Schoggi mandel kuchen.png
 

Like every year, I have a lot of leftover Easter chocolate.

My super generous in-laws have always showered us with bunnies and eggs, and this has increased tenfold owing to the fact that our household now contains an adorable toddler.

After I actually managed to wrestle the Schoggihase out of her surprisingly strong fingers, I made this super simple, delicious chocolate almond cake.

The Swiss eat a LOT of chocolate bunnies. This SRF article from 2015 put the number at around 16 million, about two bunnies per person (though the size of the bunny is unclear). Frey alone (Migros’ chocolate arm) turned 2,200 tonnes of chocolate into bunnies that year.

But what happens to the bunnies when Easter is over?

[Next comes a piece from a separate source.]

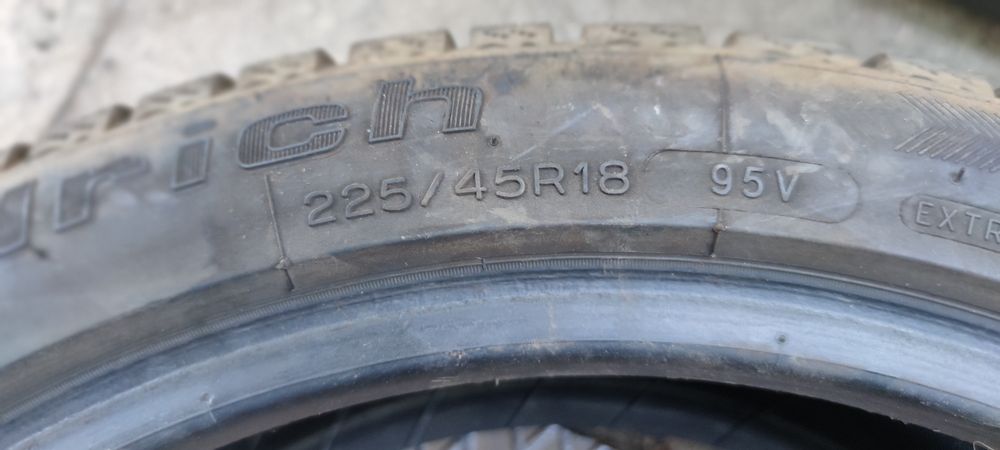 opony zimowe 225x45x18 BFGOODRICH 2szt 400zł 2016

Apparently, many people believe that the bunnies and eggs are repurposed—melted down and turned into other chocolate treats.

But according to SRF and Blick, that isn’t the case. As soon as the holiday is over, the bunnies are heavily discounted in most supermarkets, and the ones that aren’t bought by customers or employees are then given to charitable organizations like Tischlein Deck Dich.

This article from 2015 puts any leftover chocolate in the garbage, though more recent reporting has the supermarket reps promising that there’s hardly anything left to be thrown away, due to their excellent planning skills.

Regardless, you can do the bunnies a favour and re-use any leftover chocolate when making this cake.

(And what about those live bunnies in Loeb’s department store window in Bern? Well, they fare best of all and head back to their breeder’s house after Easter Monday.)

For more on Swiss chocolate consumption, by canton, I direct you to these infographics.

This recipe is taken from Tip Topf (Schokolade-cake, pg 262, 5. Ausgabe 1990), and adjusted to incorporate sweeter Easter chocolate, instead of the called-for dark chocolate. I have used various chocolates to make this cake, including all manner of bunnies and filled Migros eggs (I can never remember which wrappers are which flavours, so I made a guide, see below).


 

125 g butter, soft

120 g sugar

1 tsp salt

6 eggs, room temperature

125 g chocolate, chopped

250 g ground almonds

50 g flour

1 tbsp baking powder


Preheat oven to 180 C / 350 F / gas mark 4.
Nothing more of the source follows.